I hear it all the time. People feel embarrassed or frustrated because they think they should be able to keep up, especially when other areas of their life are going so well. But the truth is, most organizing advice was never designed for the ADHD brain. It relies on consistency, detailed systems, and routines that look great but are difficult to maintain in real life.
So when those systems do not stick, it is easy to assume you are the problem. You are not. The system is.
This is why I specialize in working with clients with ADHD. My background in special education taught me how to meet people where they are and understand that everyone processes information and tasks differently. When I walk into a home, I am not trying to force a perfect system into place. I am paying attention to how you naturally move through your space, where things tend to pile up, and what feels easy versus overwhelming.
From there, we build systems that actually work for you. “Here is a box, now put all your pens in it,” that seems so simple but there is more to it. Is the box clear because if not you have to remember what is in the box. You can also label the box pens. Is there a lid on the box? Taking the lid off is an additional step. Shoe box with pens vs. clear box with no lid with pens, sometimes it really is that simple, for pens anyways.

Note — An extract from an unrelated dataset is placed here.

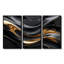Captivating Gold and Black Marble III - Abstract Modern Waves, ensemble d'art mural-107212551-107212559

I also structure sessions in a way that supports how your brain functions. Longer, exhausting days often lead to burnout, so I offer shorter sessions when needed. This helps you stay engaged, make real progress, and avoid that point where everything suddenly feels like too much. We focus on building momentum and creating systems you can maintain on a normal day, not just your best day.
One of my favorite examples of this is a client I worked with over the course of a month. I came back several times to continue building on what we started, and each time I returned, I noticed that the areas we had already worked on were mostly maintained. They had not fallen apart, which is a huge win, but she had not really moved forward on new areas yet, even with time in between sessions. That is something I see often, and it is completely normal.
Then something shifted.
When I came back for our next session, we were planning to start in her bathroom. But instead of starting from scratch, she had already gone through everything on her own. She had sorted items into baskets by product type and had already let go of what she did not want.
That moment mattered so much.
Not only did it cut our time in that space by more than half, but it allowed us to immediately move into refining and organizing at a deeper level. We were able to break things down further, talk through what made sense for her daily routine, and figure out how to make everything function in a small space.
More importantly, she showed that she had truly learned the systems we created together and adapted them to fit her life.
That is always the goal. Not perfection, but progress and understanding that carries over into other areas of your home.
Everything I do is built around creating that kind of change without judgment. You are not behind, and you are not failing. You have simply been trying to use systems that were never designed for how your brain works.
My goal is not just to organize your space, but to help you feel lighter in your home, more in control of your day to day life, and confident that what we create together will actually last. Because when your space starts working for you instead of against you, everything else begins to feel a little easier too.